Федор Александрович Абрамов
Две зимы и три лета
1
- Па-ро-ход! Па-ро-ход идет!
С пекашинской горы косиками – широкими проезжими спусками, узенькими, вертлявыми тропками покатились люди.
За разлившуюся озерину попадали кто как мог: кто на лодке, кто на ребячьем плотике, а кто посмелее – подол в зубы – и вброд. В воздухе стоял стон и гомон потревоженных чаек, черные чирята, еще не успевшие передохнуть после тяжкого перелета, стаями носились над головами ошалевших людей.
Так бывает каждую весну – к первому пароходу высыпает чуть ли не вся деревня. Потому что и весна-то на Пинеге начинается с прихода пароходов, с той самой поры, когда голый берег под деревней вдруг сказочно прорастет белыми штабелями мешков с мукой и крупами, пузатыми бочками с рыбой-морянкой да душистыми ящиками с чаем и сладостями.
В этом году никто не ждал даров из Архангельска – пинежские подзолы да супеси вот уже который год подкармливают отощавший город. Мало было надежд и на приезд фронтовиков. Где же им обернуться, когда только что кончилась война? Но давно-давно не видал пекашинский берег такого многолюдья. Ребятишки, девки, бабы, старики – все, кто мог, выбежали к реке.
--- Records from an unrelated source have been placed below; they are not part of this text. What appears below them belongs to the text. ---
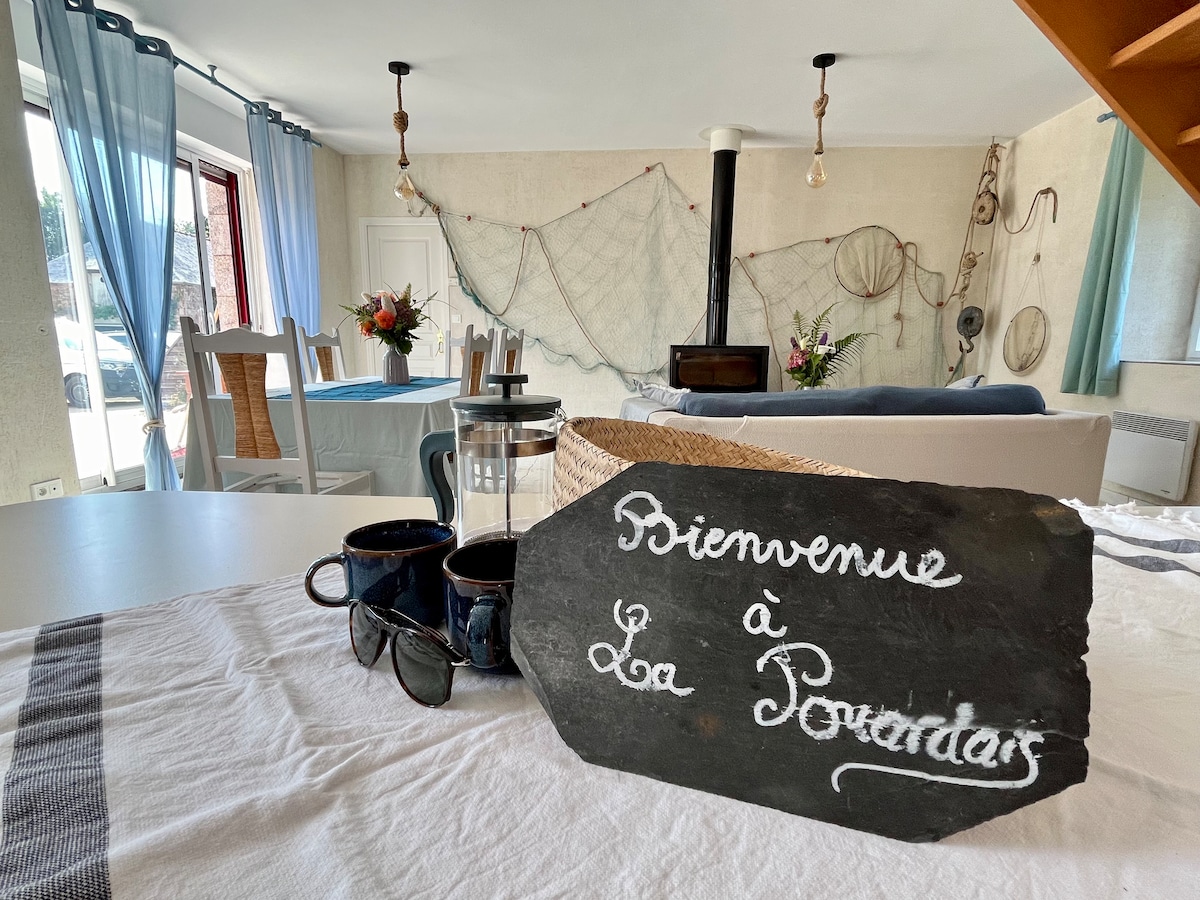A welcoming living space features a slate sign with 'Bienvenue à La Pouardais' prominently displayed on a table. Soft blue curtains frame windows, and a cozy seating area is arranged nearby. Decorative elements, including fishing nets and flowers, enhance the room's charm.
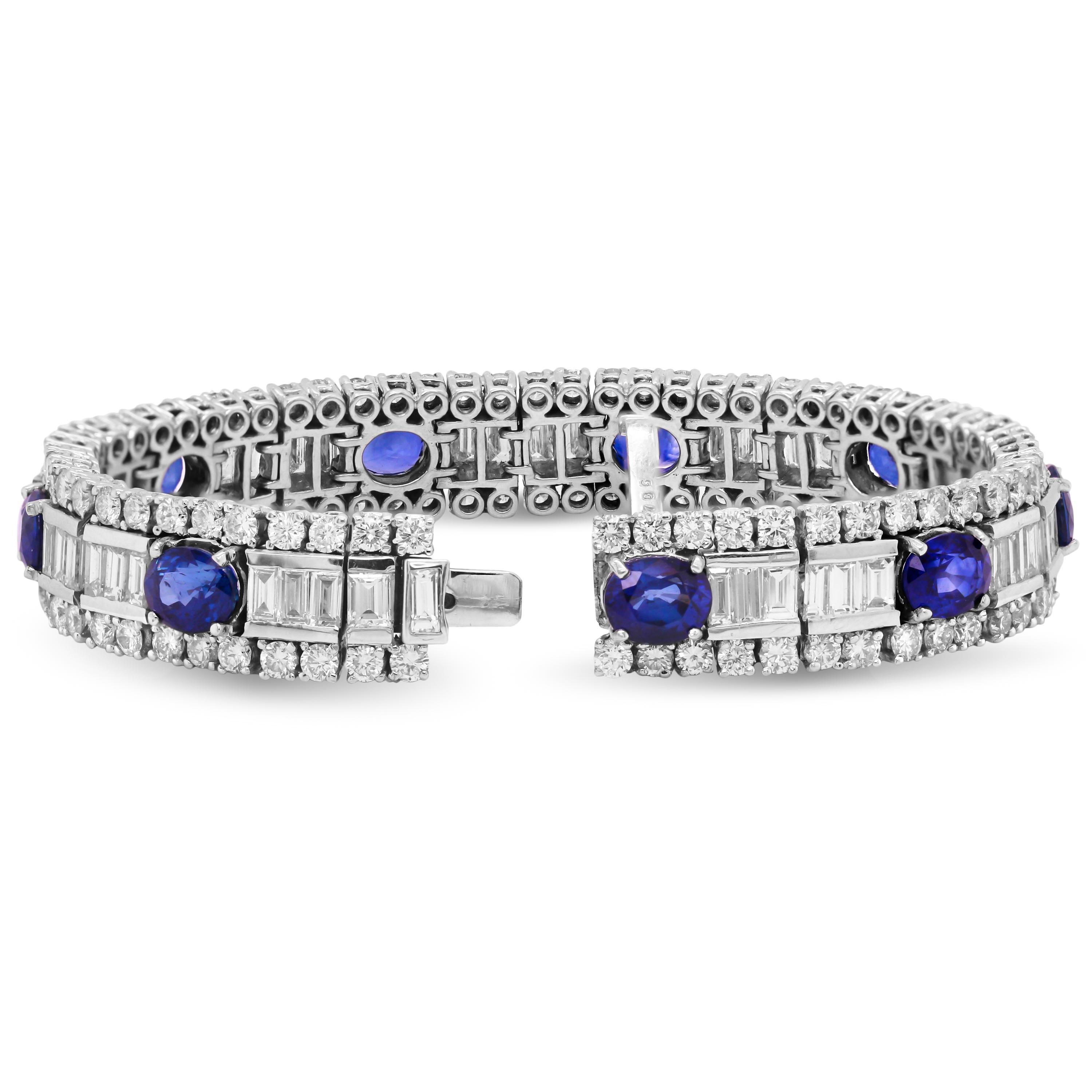 18K White Gold Tennis Bracelet with Baguette and Round Diamonds and Oval Blue Sapphires

This stunning bracelet features eight oval blue sapphires with baguette and round diamonds all throughout. The diamond and sapphire weights are hallmarked near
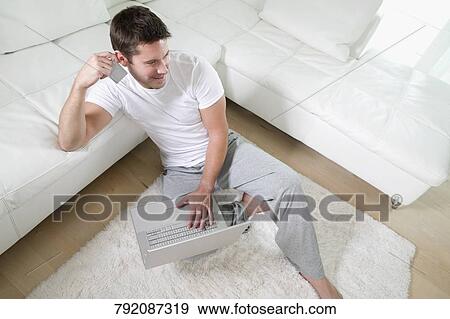High angle view of a mid adult man holding a credit card and using a laptop View Large Photo Image Stock Photo - High angle view of a mid adult man holding a credit card and using a laptop. Fotosearch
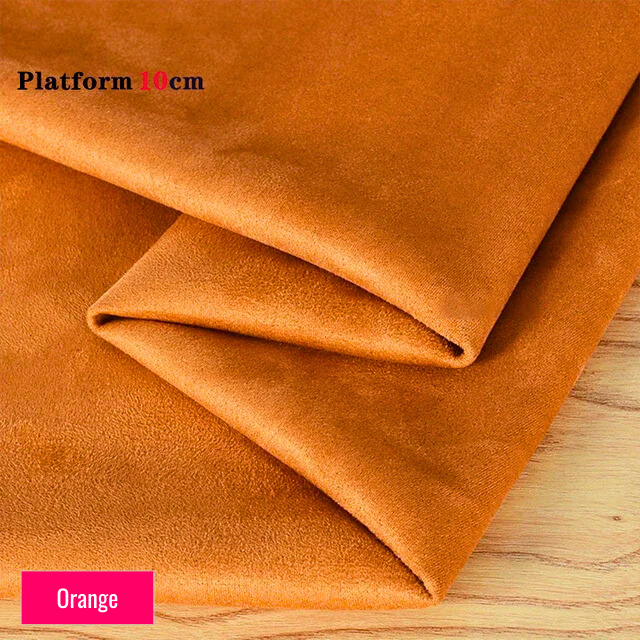 Orange stretch fabric for platform protector, suitable for 10cm platform pole dance shoes, shown folded on wooden surface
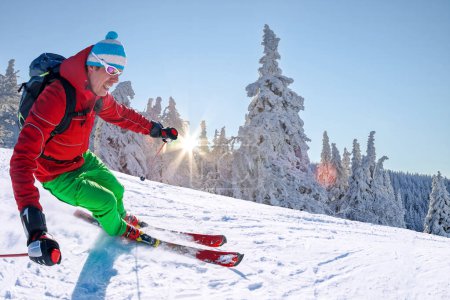 Foto de Esquiador esquiando cuesta abajo en las altas montañas contra el cielo azul
. - Imagen libre de derechos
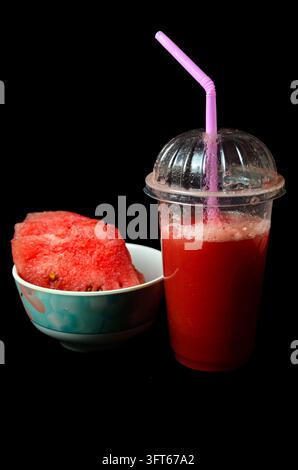 Frischer roter Wassermelonen-Smoothie in einem To-go-Becher mit einem rosa Strohhalm neben frischen Wassermelonenstücken in einer Schüssel, isoliert auf schwarzem Hintergrund. Stockfoto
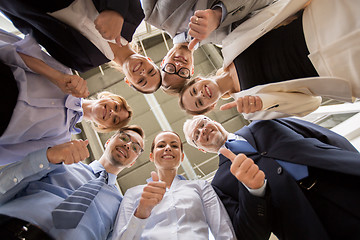 Image showing business people snowing thumbs up at office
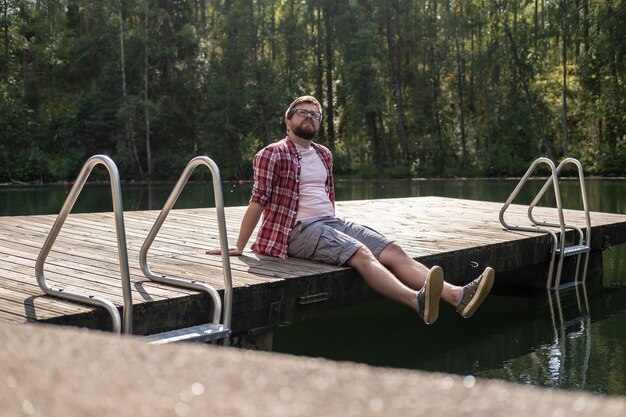 Mann sitzt am Rand eines Holzstegs und blickt nachdenklich gegen einen ruhigen Waldsee
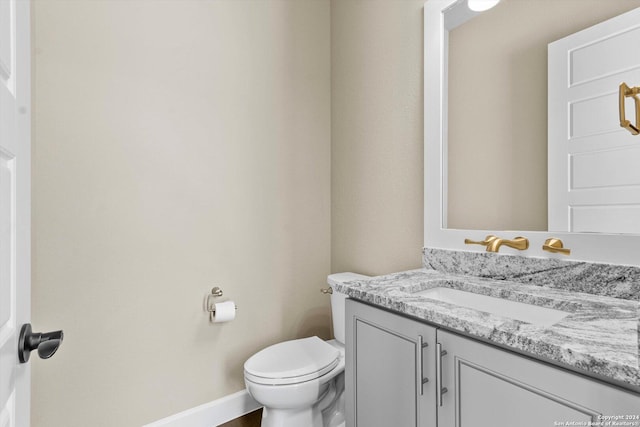 half bath featuring baseboards, toilet, and vanity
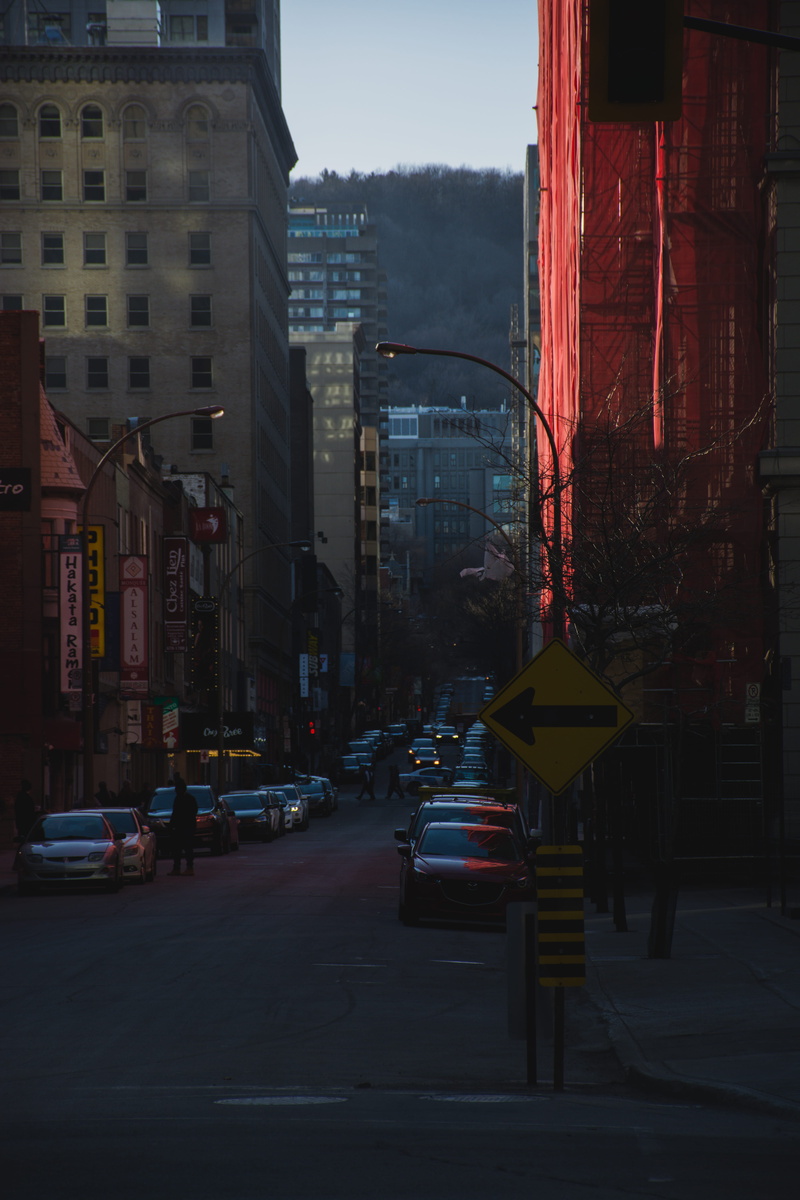 motor vehicle, city street, travel, motion, dawn, road sign, pavement, no people, architecture, light, highway, nature, dusk, downtown, street corner, yellow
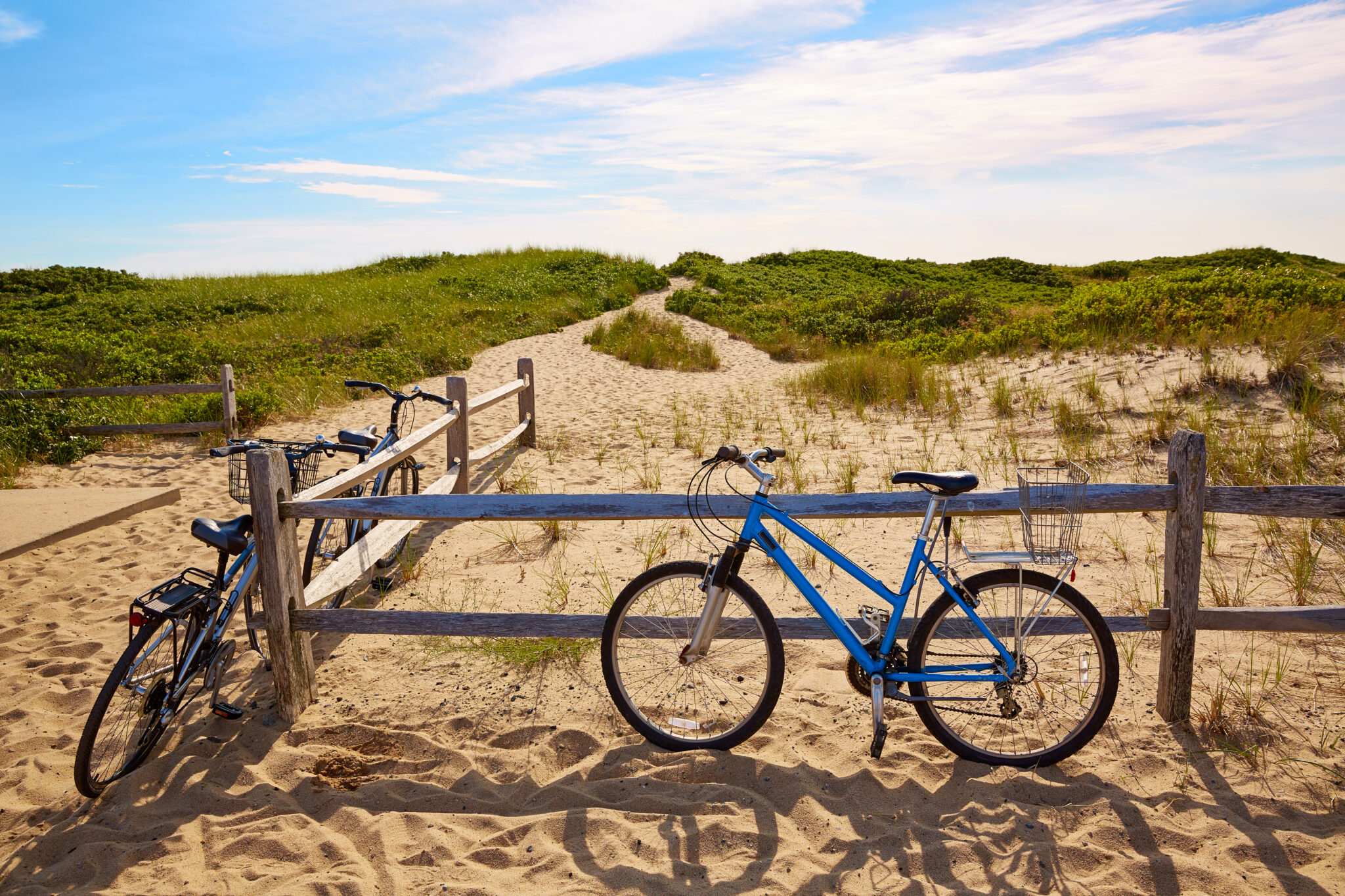 Bikes against fence at Cape Cod Herring Cove Beach on Province Lands Bike Trail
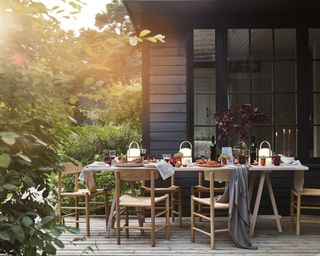 Outdoor dining ideas with wooden table and chairs outside black wood panelled house, with autumnal table decor and grey blankets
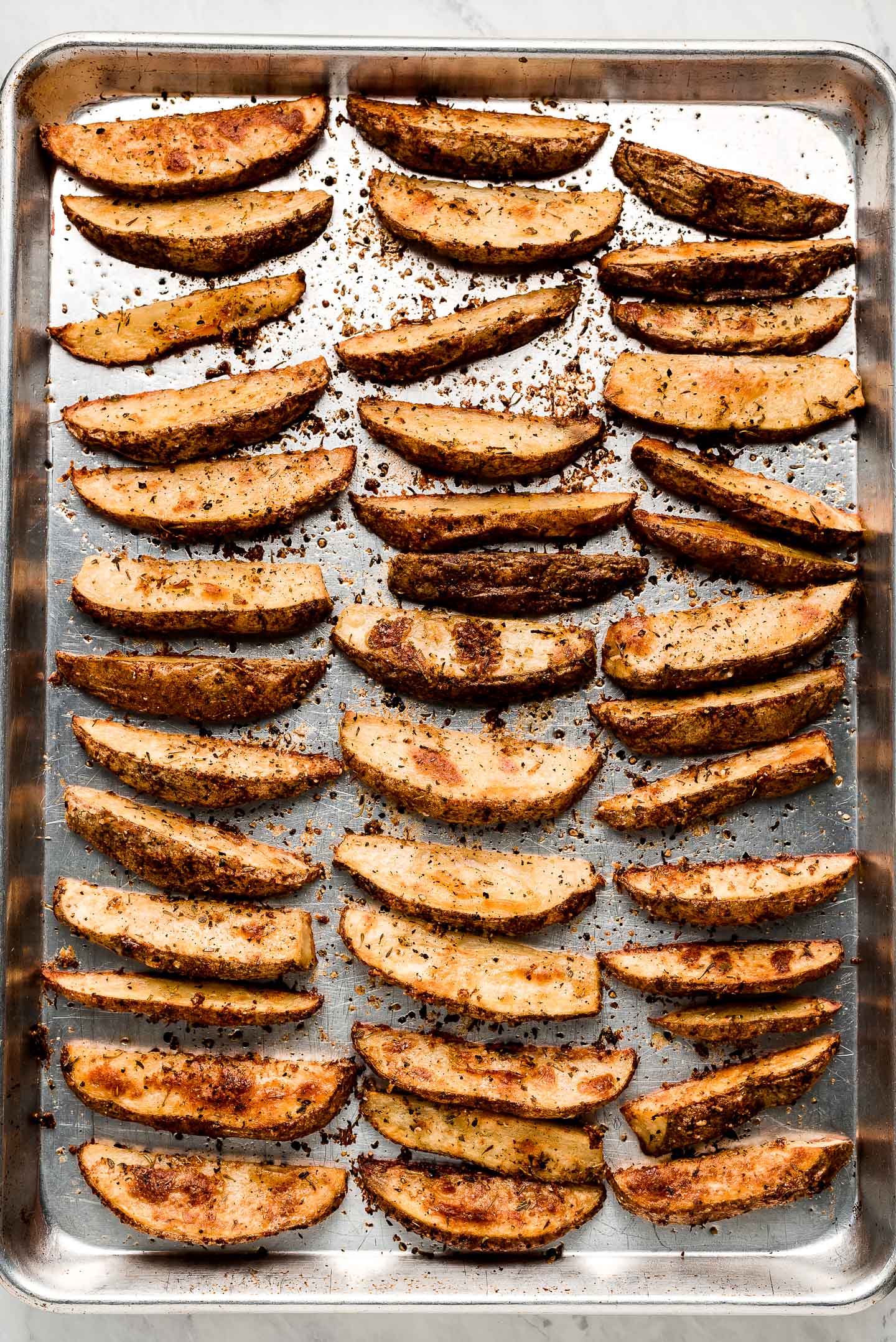 Seasoned Baked Potato Wedges on a baking sheet.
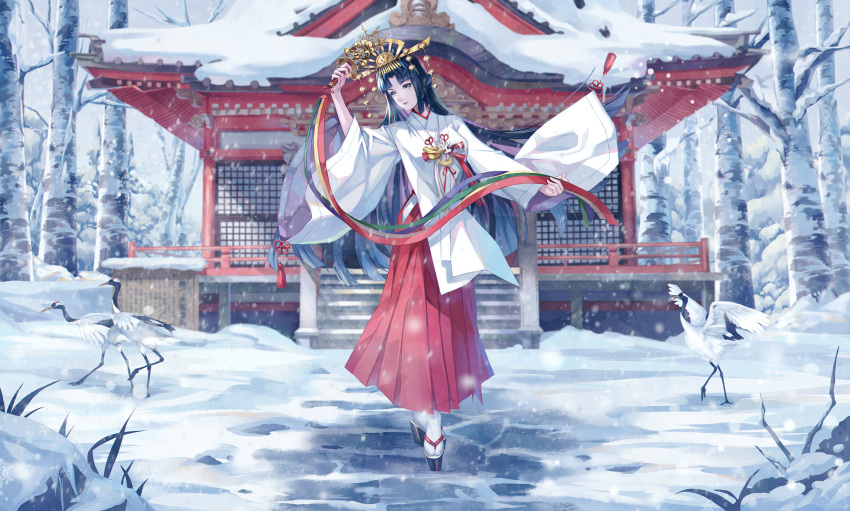 bell bird black_hair commentary commentary_request crane_(animal) crown december female hakama hakama_skirt highres hime_cut holding japanese_clothes jingle_bell kagura_suzu long_hair looking_at_viewer miko original personification red_hakama ryuu32 shrine skirt smile snow solo very_long_hair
Пароход из-за мыса не показывался долго. Костерик, наскоро сложенный из не просохшего еще хвороста, не разгорался, и люди, чтобы согреться, жались друг к другу.
Наконец у того берега, под красной отвесной щелью, леденисто сверкнул белый нос.
– "Кура", "Кура"! – закричали с насмешкой ребята, явно разочарованные тем, что вместо двинского богатыря-красавца к ним бредет маленький местный тихоход, который был построен пинежскими купцами Володиными еще в начале века.
Пароход с трудом подавался вперед, густо разбрасывая летучие искры по реке. Быстрым течением его откидывало к тому берегу, пенистая волна задирала нос. И уныло-уныло выглядели грязные, свинцового цвета бока, все еще по-военному размалеванные в черные полосы.
Но голоса своего «Курьер» за войну не потерял. Пронзительно, молодо закричал он, подходя к берегу. Будто весенний гром прокатился над головами людей. И как тут было удержаться от слезы! В войну помогал, можно сказать, жить помогал «Курьер» вот этим самым своим гудком. Бывало, в самые черные дни как заорет, как раскатит свои зыки да рыки под деревней – сразу посветлеет вокруг.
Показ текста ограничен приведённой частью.